◆ Dataset entries ◆
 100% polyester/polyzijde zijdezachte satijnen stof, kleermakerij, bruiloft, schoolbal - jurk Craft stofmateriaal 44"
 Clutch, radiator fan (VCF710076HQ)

--

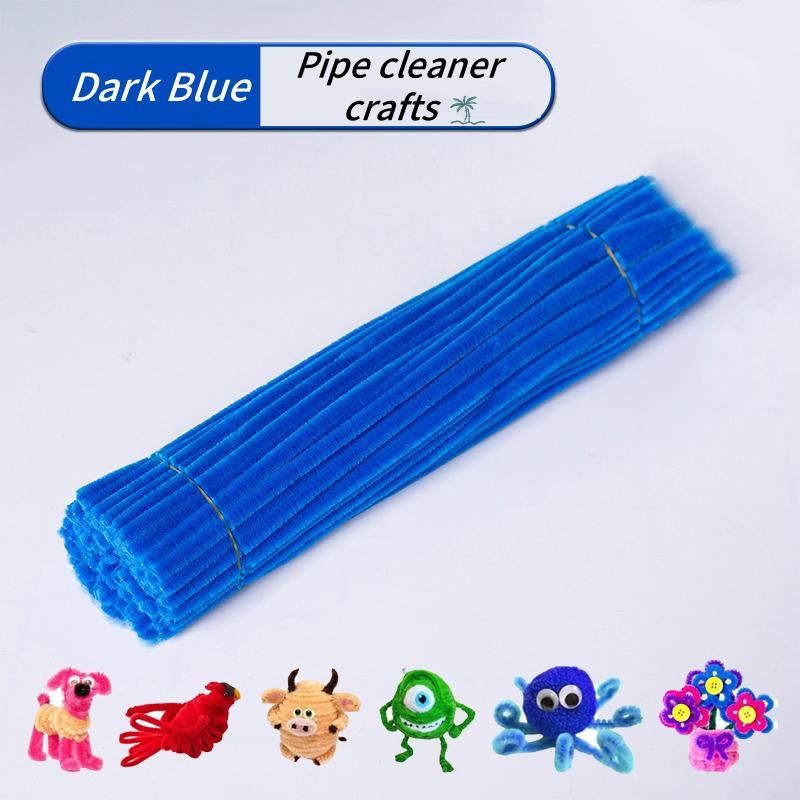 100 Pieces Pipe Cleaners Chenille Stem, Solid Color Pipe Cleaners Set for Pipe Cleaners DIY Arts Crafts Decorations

◆ Your assignment ◆
An exact copy of the lines above, from the one containing "100% polyester/polyzijde zijdezachte" down to the one containing "Clutch, radiator fan (VCF710076HQ)" and including both, is the whole answer; retype it and nothing else.

◆ Answer space ◆
 100% polyester/polyzijde zijdezachte satijnen stof, kleermakerij, bruiloft, schoolbal - jurk Craft stofmateriaal 44"
 Clutch, radiator fan (VCF710076HQ)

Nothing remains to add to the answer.